Fatemeh Sadat Mirahmadi

In the present article that is derived from the report of Flynt Leverett, a professor of international affairs at Pennsylvania State University, entitled “the US foreign policy after 2016”, it is argued that the way Trump answers to the question whether the US efforts to establish its superiority in the Middle East is beneficial for the interests of the country or not, determines his approach vis-à-vis the Middle East and the issues like Syria, post JCPOA policies towards Iran as well as engaging with the established US allies such as Israel and Saudi Arabia.
According to Leverett, in spite of the fact that Barack Obama has tried to shift attention and resources from the Middle East to the whole of Asia to create a balance in the US geopolitical strategy, but the Middle East has been a priority of his foreign policy agenda and this region continues to require attention and resources by his successor.
Clinton used to believe in the superiority of the US foreign policy and was committed to continue the pursuit of supremacy in the Middle East.
The possible combination of Clinton’s administration was an indication of this fact that if Clinton became president, his policies in the Middle East could become more interventionist, more militarilized and more consistent with the interests of the traditional allies of the US and her approach towards Iran could be worse that the current situation under Obama’s administration.
While it may seem that Trump would find an alternative to Clinton’s commitment on the superiority of the US in the Middle East, but it is unclear whether Trump as president would be able to included this issue in a logical and coherent policy or not.
The influence of Trump neo-conservatives advisors in his administration and their tendency towards taking reckless reactions in certain circumstances, can lead Trump’s Middle East strategy towards military intervention.
It is less likely that Trump would see the US long-term allies such as Israel and Saudi Arabia as his partners for planning the US power in the region. He is probably more eager to question the seemingly unconditional US security relationship with them.
Instead of removing the Assad from power, Trump would probably give priority to the fight against the ISIS. He supports the intensification of the US military action aimed at removing ISIS, although he has not given any details in this respect.

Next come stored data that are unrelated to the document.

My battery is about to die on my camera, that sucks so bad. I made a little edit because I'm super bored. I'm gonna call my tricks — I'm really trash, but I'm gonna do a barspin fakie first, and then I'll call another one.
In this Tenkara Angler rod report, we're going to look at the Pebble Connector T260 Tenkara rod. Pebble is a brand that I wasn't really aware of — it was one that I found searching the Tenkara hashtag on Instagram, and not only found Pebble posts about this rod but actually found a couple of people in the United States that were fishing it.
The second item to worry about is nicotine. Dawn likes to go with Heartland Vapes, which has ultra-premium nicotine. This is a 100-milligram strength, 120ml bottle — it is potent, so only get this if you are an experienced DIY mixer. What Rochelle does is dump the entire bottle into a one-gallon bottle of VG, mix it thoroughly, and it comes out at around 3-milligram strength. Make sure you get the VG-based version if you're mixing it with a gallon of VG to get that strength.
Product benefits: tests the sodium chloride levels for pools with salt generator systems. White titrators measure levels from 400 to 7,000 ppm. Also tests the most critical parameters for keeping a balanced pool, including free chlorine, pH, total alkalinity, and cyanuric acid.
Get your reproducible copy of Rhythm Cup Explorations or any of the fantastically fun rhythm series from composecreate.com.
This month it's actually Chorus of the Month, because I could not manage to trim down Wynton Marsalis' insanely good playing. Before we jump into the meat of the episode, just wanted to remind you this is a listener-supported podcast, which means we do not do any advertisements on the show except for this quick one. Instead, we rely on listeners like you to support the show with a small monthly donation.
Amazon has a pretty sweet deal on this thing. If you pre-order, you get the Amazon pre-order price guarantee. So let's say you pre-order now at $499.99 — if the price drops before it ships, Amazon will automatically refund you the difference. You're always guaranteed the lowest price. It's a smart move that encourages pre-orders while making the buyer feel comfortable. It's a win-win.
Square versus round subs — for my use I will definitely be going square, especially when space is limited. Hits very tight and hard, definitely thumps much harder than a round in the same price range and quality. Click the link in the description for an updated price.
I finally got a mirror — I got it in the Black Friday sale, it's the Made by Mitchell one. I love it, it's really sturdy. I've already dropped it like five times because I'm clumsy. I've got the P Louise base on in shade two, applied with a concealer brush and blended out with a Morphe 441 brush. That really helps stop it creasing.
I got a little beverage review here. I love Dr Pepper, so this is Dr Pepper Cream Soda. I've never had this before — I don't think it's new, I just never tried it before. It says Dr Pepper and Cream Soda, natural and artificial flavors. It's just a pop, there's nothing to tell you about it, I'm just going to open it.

A part of Trump’s criticism on the JCPOA is about the failure of the Obama administration to use the deal to create business opportunities for US companies in Iran. It is unlikely that Trump wishes to unilaterally withdraw from the JCPOA.
Trump’s self-image as a successful negotiator, may lead him to try to mediate between Israel and the Palestinians but it is unlikely that he forces them towards an agreement in a way that Israel’s strategic options become seriously limited.
During America’s new president, political risk emanating from the Middle East – especially for the Europe and Asia – would certainly grow more acute in several aspects.
Trump’s administration would be less receptive to the potentials of the US allies to influence the US Middle East policy. This also includes the question of requesting European powers to intervene in the region.